Lately the hens have been going in and out of a deadfall of piled brush down by our pond, chattering a lot about it too.

I know a couple of the hens are probably laying and have made a nest there.

Now so far the mom or moms have still come back up to the pen to roost at night. I think they only started laying a a few days ago. Not sure I stand a chance of gathering up the nest and moving it, but that would be a better option than letting them set, we have tons of coyotes and they sleep like the dead at night. Blind as a bat!

Anyhow, whats the best option, wait til the hen/s start to set and try to move nest in their pen? No way can I enclose their nest, its a HUGE pile of brush. Or let them try to incubate? And take my chances. All my hens want to set in the same deadfall so I am really taking a chance if I let them. And what kind of setup do you have if you let them nest/incubate in their pen?

Thanks for any info.
 
I don't really have an answer, I am trying to find my head female guinea right now. I think she is on a nest, because she was in the barn last night. Anyway, I believe that all the females lay in one nest, and then one guinea goes broody? I don't think they all brood at the same time.

I might be wrong, but that is what I have heard. I came on here to post about finding her nest, but I guess I'll just wait her out.
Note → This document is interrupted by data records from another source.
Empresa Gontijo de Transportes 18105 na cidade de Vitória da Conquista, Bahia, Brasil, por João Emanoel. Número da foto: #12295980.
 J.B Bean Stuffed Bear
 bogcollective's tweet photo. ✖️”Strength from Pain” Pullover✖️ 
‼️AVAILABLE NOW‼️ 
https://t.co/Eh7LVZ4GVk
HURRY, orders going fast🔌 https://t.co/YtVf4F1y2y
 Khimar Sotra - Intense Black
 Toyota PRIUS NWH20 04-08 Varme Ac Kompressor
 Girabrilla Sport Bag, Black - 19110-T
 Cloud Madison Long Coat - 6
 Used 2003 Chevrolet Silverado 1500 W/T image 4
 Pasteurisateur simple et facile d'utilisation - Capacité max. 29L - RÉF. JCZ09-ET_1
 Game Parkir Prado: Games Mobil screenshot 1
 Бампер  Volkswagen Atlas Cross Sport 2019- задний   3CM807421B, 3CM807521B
If it's a huge brushpile, I am thinking it might be too much trouble for the coyotes. But, there are other predators out there that it wouldn't bother. I wish I could find mine and either put a pen around her or try and move the nest.

Good luck!

Shelly
 
Thanks Shelly
Even that much helps. So just one hen sets then. I have seen all three going in and out of the brush pile and chattering to the "men" guinea's. They dont hang around it at all normally, so I can watch them from my front window, albeit I have to have a pair of binoculars to see as its a bit of a distance from the house.

I read somewhere if they see you messing around they will stop and go somewhere else. So I meant to go check it out this eve AFTER I penned them up, but it got dark on me before I could. Maybe in the morning. I will see how far back they are laying and how secure it looks. Maybe if I take the pups out and they pee around the area predators would be a bit more deterred? Or have dh go out and pee around the perimeter of the brush pile.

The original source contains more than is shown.